7. Setting up and then requiring that com organizers use a centralized system for comp registration. The site would allow customized branding and sponsors for organizers, but would draw pilot information from a centralized database (and put new pilots in to that database) and ease the process of signing up for comps, validating memberships, filing waiver paperwork, etc.
* *USHPA is working on a system. Recommendation that organizers are required to use it assuming the system gets set up before March 1 2014.**
I respond: How about if you make it attractive enough that we actually want to you it?
I have a fine system now.
8. Require all organizers of sanctioned competition to obtain FAI Cat 2 sanctioning.

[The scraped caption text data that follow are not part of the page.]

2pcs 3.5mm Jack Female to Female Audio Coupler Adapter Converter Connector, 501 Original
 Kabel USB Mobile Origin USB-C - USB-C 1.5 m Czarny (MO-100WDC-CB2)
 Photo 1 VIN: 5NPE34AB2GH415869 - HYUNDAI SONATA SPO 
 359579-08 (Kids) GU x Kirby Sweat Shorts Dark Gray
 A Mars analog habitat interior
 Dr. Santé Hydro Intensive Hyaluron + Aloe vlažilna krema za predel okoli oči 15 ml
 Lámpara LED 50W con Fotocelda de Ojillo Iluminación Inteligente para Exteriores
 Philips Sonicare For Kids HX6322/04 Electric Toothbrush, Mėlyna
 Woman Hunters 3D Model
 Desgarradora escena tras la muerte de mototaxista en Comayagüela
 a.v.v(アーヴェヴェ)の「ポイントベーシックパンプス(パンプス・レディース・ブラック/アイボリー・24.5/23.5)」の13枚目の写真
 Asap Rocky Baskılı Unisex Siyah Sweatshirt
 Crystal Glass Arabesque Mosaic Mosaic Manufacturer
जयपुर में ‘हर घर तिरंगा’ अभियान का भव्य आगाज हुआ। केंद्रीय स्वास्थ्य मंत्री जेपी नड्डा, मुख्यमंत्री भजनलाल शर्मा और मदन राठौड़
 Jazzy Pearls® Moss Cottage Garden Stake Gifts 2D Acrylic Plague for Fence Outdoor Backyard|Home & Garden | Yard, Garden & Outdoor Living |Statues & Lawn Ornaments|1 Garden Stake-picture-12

* *Recommendation that this be a requirement and failure to do so will constitute forfeiture of deposit. USHPA competition committee chair will monitor registration with organizers to hopefully ensure this is done. If it looks like an organizer isn't going to do it by the FAI deadline, then the competition committee chair will do the sanctioning for them (assuming that is allowed by FAI).**
I respond: The ECC does not need to be CIVL sanctioned.
Again, as always, the competition committee, adds to the burden of meet organizers without ever lightening it or providing rewards. Always the stick, never the carrot. When is it going to realize that it is killing competitions by one small cut at a time?